The course of subsequent communications between Brockman and Mollett is disputed. Viewed in the light most favorable to Brockman, she called Mollett almost daily about her request to work from home. Although Brockman relocated during this period, she testified to leaving voicemail messages with both Mollett and Mollett’s assistant with her new contact information as well as instructions for bypassing the call-intercept feature of her phone. Brockman denied receiving a faxed letter from Mollett requesting more information about her medical condition and her proposal to work from home, but she does not contest Mollett’s claim that the fax was sent. Brockman does acknowledge receiving a fax from Mollett on February 25 denying her request. As grounds for that decision, Mollett noted Brockman’s failure to provide medical documentation that Brockman could work during her prescribed bed rest, the difficulties associated with communicating with *205 Brockman by phone and fax, and security concerns in having customer information at Brockman’s home.

Brockman filed an EEO complaint on March 23, 2002 to protest the denial of what she viewed as a reasonable accommodation for her pregnancy-related disability. Prior to her scheduled administrative hearing before the EEOC, however, she filed the instant suit charging the IRS with discrimination and retaliation under Title VII, and a failure to accommodate and retaliation under the Rehabilitation Act. The district court, ruling from the bench, granted the IRS’s motions for summary judgment on all of Brockman’ s claims. Regarding Brockman’s Title VII claims, the court found that Brockman failed to make out a prima facie case of disparate treatment, and it found that her retaliation claim failed on multiple grounds. The court found that Brockman had not engaged in protected activity under Title VII, had not been subject to an adverse employment action, and had failed to show a causal nexus between the alleged adverse employment action and protected activity. Brockman fared no better on her Rehabilitation Act claims: the district court concluded that Brockman failed to show a disability under the Act and that there was no retaliation in response to her request to work from home. Brockman timely appealed this order.

II.

A.

We turn first to Brockman’s claim that she was discriminated against under Title VII. This court reviews a grant of summary judgment de novo. Med. Waste As socs. v. Mayor and City Council of Baltimore, 966 F.2d 148, 150 (4th Cir.1992).

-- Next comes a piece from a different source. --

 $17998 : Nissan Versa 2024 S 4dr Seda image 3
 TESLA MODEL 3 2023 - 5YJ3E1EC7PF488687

We analyze a disparate treatment case under Title VII under the framework of shifting burdens set forth in McDonnell Douglas Corp. v. Green, 411 U.S. 792, 802-04, 93 S.Ct. 1817, 36 L.Ed.2d 668 (1973). See Hux v. City of Newport News, 451 F.3d 311, 314-15 (4th Cir.2006). First, the plaintiff must establish a prima facie case of discrimination. To make a prima facie case, the plaintiff must show that (1) she is a member of a protected class; (2) she was qualified for the job and performed it satisfactorily; (3) she suffered an adverse employment action; and (4) she was treated differently than similarly situated employees outside of the protected class. Autry v. N.C. Dep’t. of Human Res., 820 F.2d 1384, 1385 (4th Cir.1987). If the plaintiff meets these four requirements, the burden then shifts to the employer to demonstrate a legitimate non-discriminatory reason for the adverse employment action. Hux, 451 F.3d at 314. If the employer does so, then the plaintiff must prove that this reason was actually a pretext for discrimination. Id. at 315.

Brockman’s disparate treatment claim fails because she cannot show an adverse employment action.